Require Import BinPos Equalities Orders OrdersTac.

Local Open Scope positive_scope.

DecidableType structure for positive numbers


Module Positive_as_UBE <: UsualBoolEq.
 Definition t := positive.
 Definition eq := @eq positive.
 Definition eqb := Peqb.
 Definition eqb_eq := Peqb_eq.
End Positive_as_UBE.

Module Positive_as_DT <: UsualDecidableTypeFull
 := Make_UDTF Positive_as_UBE.

Note that the last module fulfills by subtyping many other interfaces, such as DecidableType or EqualityType.

OrderedType structure for positive numbers


Module Positive_as_OT <: OrderedTypeFull.
 Include Positive_as_DT.
 Definition lt := Plt.
 Definition le := Ple.
 Definition compare p q := Pcompare p q Eq.

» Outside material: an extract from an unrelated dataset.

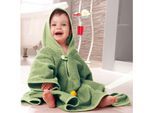buttinette Frottier-Poncho, salbei, 55 x 71 cm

 Instance lt_strorder : StrictOrder Plt.

 Instance lt_compat : Proper (Logic.eq==>Logic.eq==>iff) Plt.

 Definition le_lteq := Ple_lteq.
 Definition compare_spec := Pcompare_spec.

End Positive_as_OT.

Note that Positive_as_OT can also be seen as a UsualOrderedType and a OrderedType (and also as a DecidableType).

An order tactic for positive numbers


Module PositiveOrder := OTF_to_OrderTac Positive_as_OT.
Ltac p_order := PositiveOrder.order.

Note that p_order is domain-agnostic: it will not prove 1<=2 or x<=x+x, but rather things like x<=y -> y<=x -> x=y.